Problem description - Going through the material below, output exactly the lines from the one containing "The keratinized stratified squamous epithelium is" through the one containing "Here's the outline.", and no pictures.

Information shown -
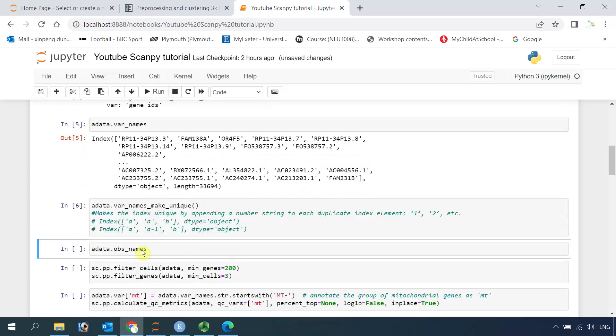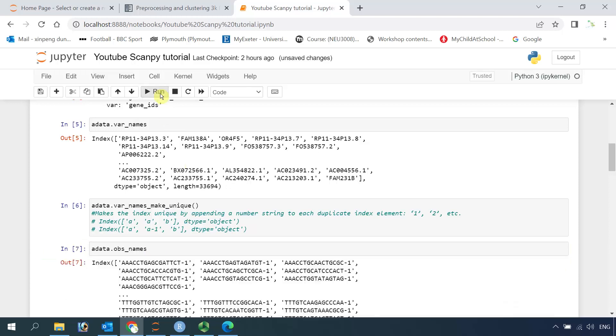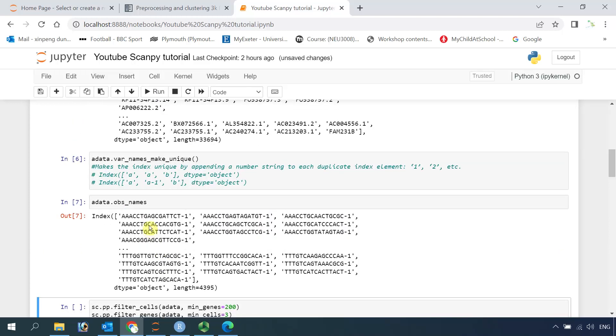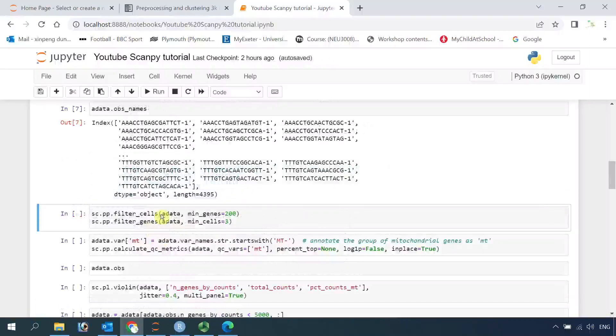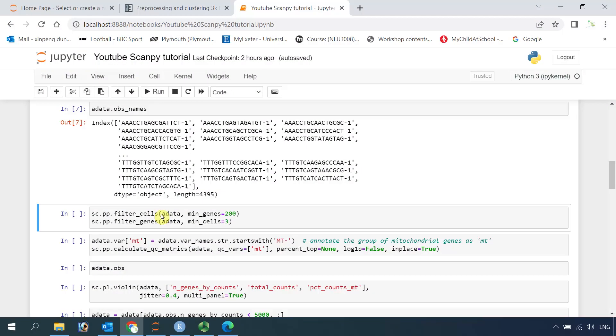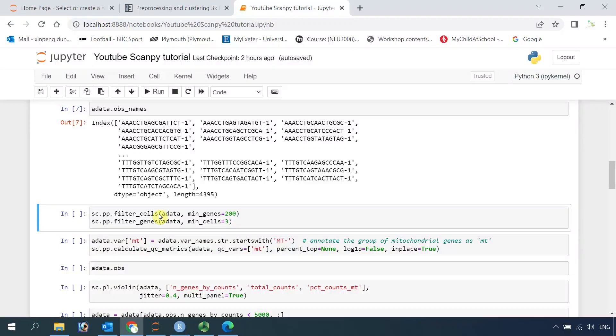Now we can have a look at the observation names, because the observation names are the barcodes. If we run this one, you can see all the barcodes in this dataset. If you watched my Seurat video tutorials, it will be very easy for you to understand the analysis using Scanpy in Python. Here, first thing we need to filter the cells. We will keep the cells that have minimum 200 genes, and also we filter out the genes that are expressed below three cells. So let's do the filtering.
* * *
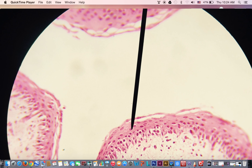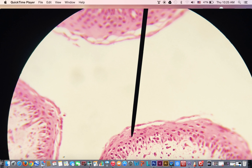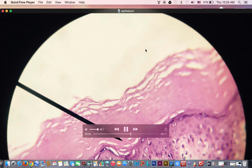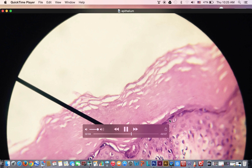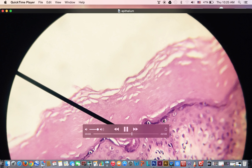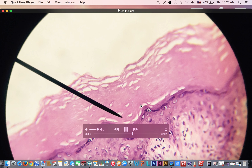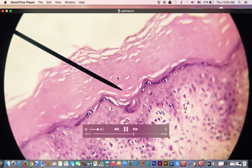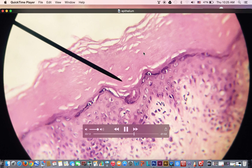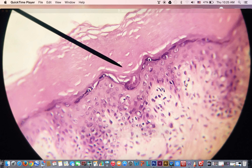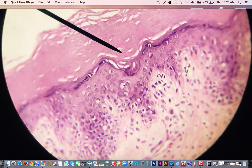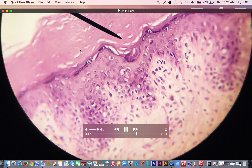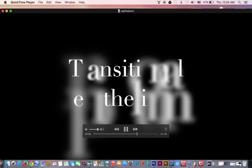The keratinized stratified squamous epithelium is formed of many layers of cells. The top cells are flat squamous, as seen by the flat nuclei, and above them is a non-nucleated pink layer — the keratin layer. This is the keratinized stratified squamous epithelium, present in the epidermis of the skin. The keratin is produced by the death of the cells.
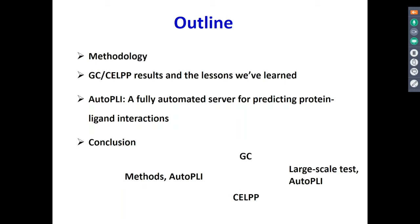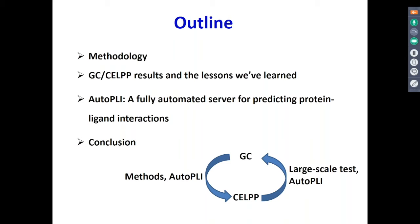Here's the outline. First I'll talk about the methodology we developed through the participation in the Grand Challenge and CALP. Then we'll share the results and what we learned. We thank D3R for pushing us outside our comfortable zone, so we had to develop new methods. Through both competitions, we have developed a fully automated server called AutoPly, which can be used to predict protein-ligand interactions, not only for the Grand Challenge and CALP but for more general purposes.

Exercise solution -
The keratinized stratified squamous epithelium is formed of many layers of cells. The top cells are flat squamous, as seen by the flat nuclei, and above them is a non-nucleated pink layer — the keratin layer. This is the keratinized stratified squamous epithelium, present in the epidermis of the skin. The keratin is produced by the death of the cells.
Here's the outline. First I'll talk about the methodology we developed through the participation in the Grand Challenge and CALP. Then we'll share the results and what we learned. We thank D3R for pushing us outside our comfortable zone, so we had to develop new methods. Through both competitions, we have developed a fully automated server called AutoPly, which can be used to predict protein-ligand interactions, not only for the Grand Challenge and CALP but for more general purposes.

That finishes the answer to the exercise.